We process more and more data every day. Some processing tasks take a few minutes while others take more than a few hours. The length of processing time depends on the amount of data, the speed of hardware, and how we process data. The first two factors are usually fixed for a given scenario so we will focus on the third factor which is how we build a TurboIntegrator process in Planning Analytics. In this article, we will use the RunProcess command to shorten the data-processing time by converting a single-thread process to a multi-thread process.
A thread is created to handle the workload when a user runs a TurboIntegrator process. Please find an example in the below screenshot. A modern CPU (Central Processing Unit) is a multi-core processor, and this means that the CPU has many CPU cores to simultaneously run multiple threads at the same time. If we have an 8-core processor and eight users running a single-thread process for each user, we fully utilize the processing power of the 8-core processor. However, if we have an 8-core processor but we only use one thread and one core to process data, we will still have the processing power that we can potentially use to speed up the single-thread process.
The thread ID 13552 was created when a user ran a process.
Although not all tasks can be run in parallel, many tasks certainly can. The first step of creating a process which runs in multiple threads is to determine whether its workload can be split into smaller workloads. If we can divide a task into smaller independent tasks, we will be able to process the smaller tasks in parallel by using a thread to handle each smaller task. A task like loading 12 months of data will fit the previous description as long as the data in each month does not reply on data in other months. There are many commands and techniques which we can use for parallel processing. One of the commands is RunProcess.
The RunProcess command allows a single TurboIntegrator process to run another process with a new thread. The command is also for asynchronous processing which means that the new thread will run independently, and the main thread will not wait until the new thread is complete before it executes the new line of code. If we have 7 lines of code that call RunProcess, the main process will create 7 more threads.
The screenshot shows that the main process (ID 59176) runs 7 other processes in parallel.
The sample code of a process which runs 7 other processes in parallel.
Using the RunProcess command is beneficial when we want to run multiple processes in parallel to shorten the total execution time. If we were to run each process one by one by using the ExecuteProcess command, we would have to wait 35 seconds in the previous example. Sometimes, it may not be obvious to us to use the RunProcess command. Therefore, we should ask ourselves whether we can change the design of a process to leverage the RunProcess command and speed up the process.

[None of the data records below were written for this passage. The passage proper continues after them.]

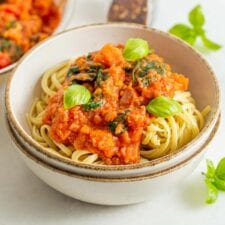 Bowl of pasta noodles with tomato vegetable sauce and fresh basil on top.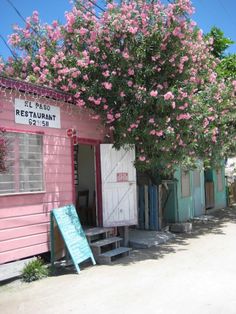 a pink building with flowers on the outside and a sign that says restarant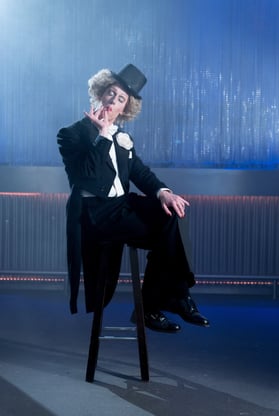a man in a tuxedo suit and a top hat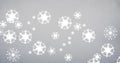 Digital composite image of white snowflakes pattern against lavender colored background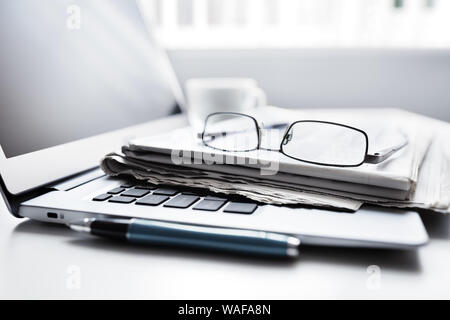 Newspaper on laptop computer, internet and electronic online news Stock Photo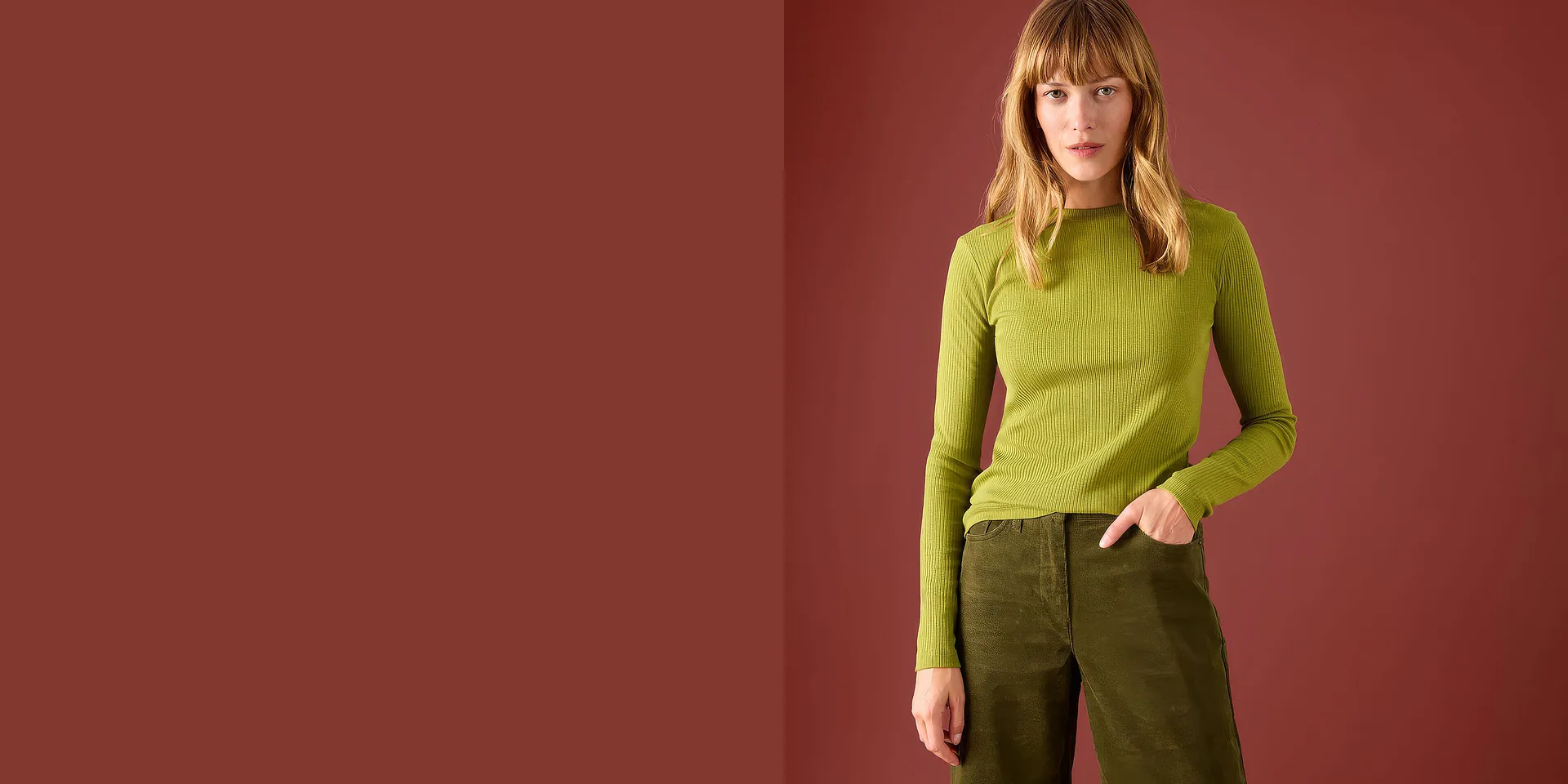 Una maglietta verde a maniche lunghe a costine si abbina a un paio di pantaloni di velluto a coste dal taglio ampio e casual.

One real-world example is a load process which loads 12 months of data from one cube to another cube and the data in all months do not rely on each other. We can use the RunProcess command that we have discussed earlier to load 12 months of data at the same time instead of loading one month at a time. We will repeat the RunProcess command 12 times, but each command will load the data of a different month. In the below sample process, the pYear parameter of the main process is to specify the year that we want to load data. The pPeriod parameter of a sub process is to specify the period to which it will load data. The sample process will create 12 threads to simultaneously load 12 months of data.
The sample code of the main process which will load data in 12 months from one cube to another cube.
The thread ID 59176 created 12 additional threads and each thread was responsible for loading 1 month of data.
We have discussed earlier that the RunProcess command is for asynchronous processing. In some cases, we want all threads to be completed before we proceed to the next process or next command. The RunProcess command alone will not be enough to complete this task because of the asynchronous nature of the command.
For example, if we want to allocate expense lines of multiple accounts to different cost centers, we may not know how many expense lines each account has. Therefore, an efficient way to handle this situation is to utilize all available processor cores to process each account and move on to the next account. We will want to know when the processing of the first account is done before we start processing the second account.
We can use the command called “Synchronized” or temporary files to keep track of the running threads, so we know when we will execute the next step. The Synchronized command allows a process to create a lock and other processes which will use the same lock will have to wait until the current process, which possesses the lock, is complete. The details about using the Synchronized command and temporary files to monitor threads are beyond the scope of this article. However, I encourage you to reach out to our experts at QueBIT if you have questions about the Synchronized command or need help with parallel processing to speed up your processes.
We have explored the concept of parallel processing to shorten the data-processing time of a TurboIntegrator process. The RunProcess command is one of the commands that we can use to create concurrent threads. We categorize parallel processing into two types. The first type of parallel processing does not have subsequent steps, so we do not need to monitor the completion of the threads. The second type requires the thread monitoring to find the completion of all threads in order to execute the next process or command. This type of parallel processing is more complex, but we can use the Synchronized command or temporary files to monitor the threads. We know that parallel processing can significantly speed up data processing. Therefore, we should consider building a multi-thread process whenever possible.